** Opening Dataset section block **

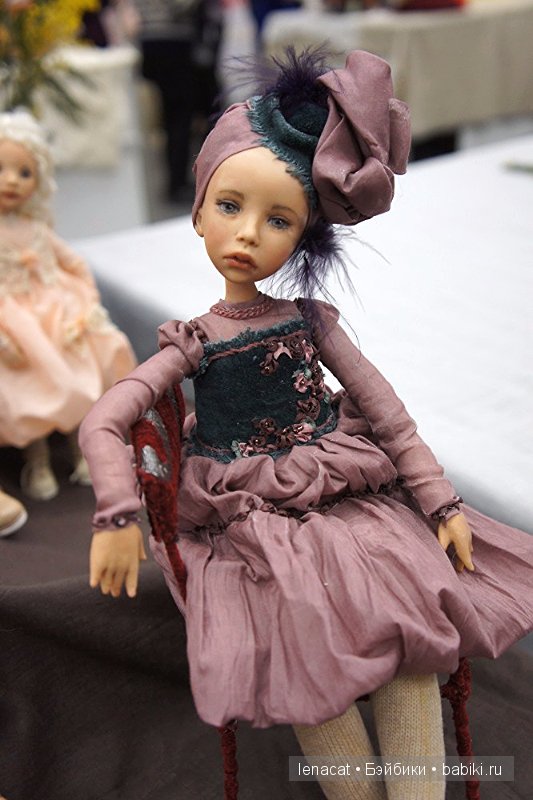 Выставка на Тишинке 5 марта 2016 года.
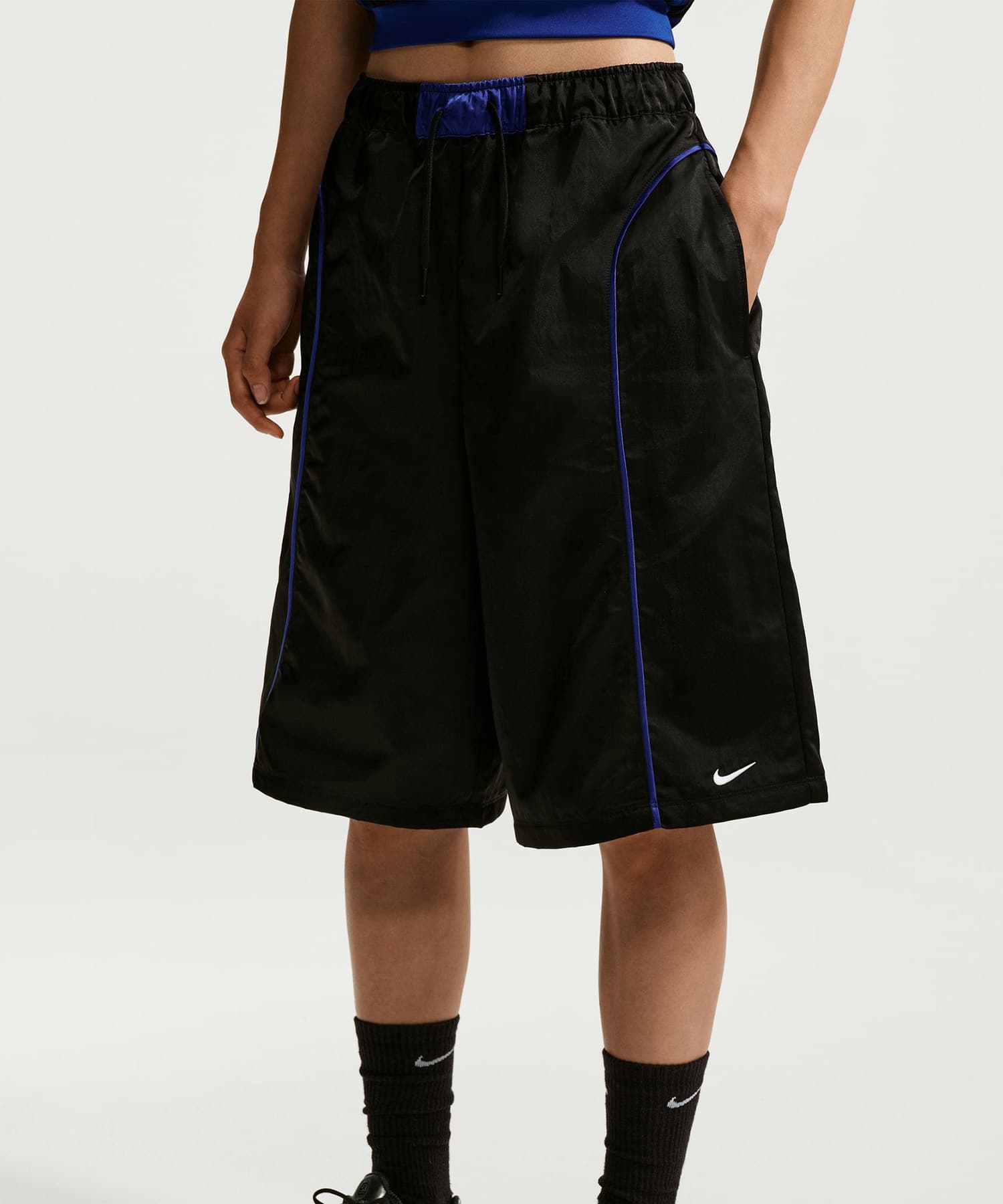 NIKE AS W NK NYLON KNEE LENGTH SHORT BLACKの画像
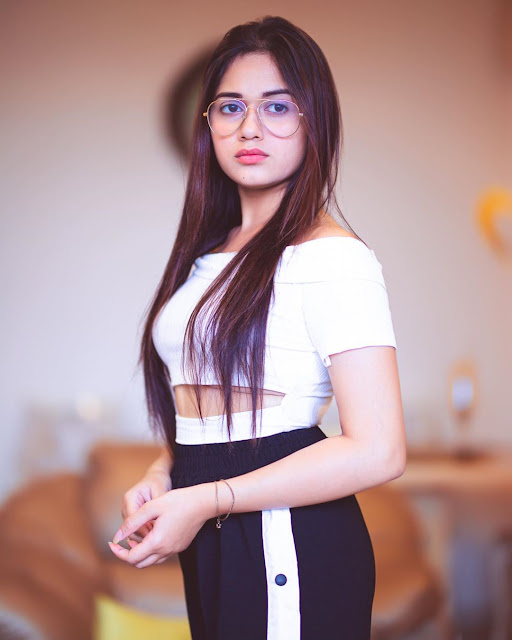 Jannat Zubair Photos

** Closing Dataset section block **

**Exercise objective**
With pictures excluded, copy exactly the lines from the line containing "NIKE AS W NK" through the last line of the listing above, both ends included.

**Response to the exercise**
 NIKE AS W NK NYLON KNEE LENGTH SHORT BLACKの画像
 Jannat Zubair Photos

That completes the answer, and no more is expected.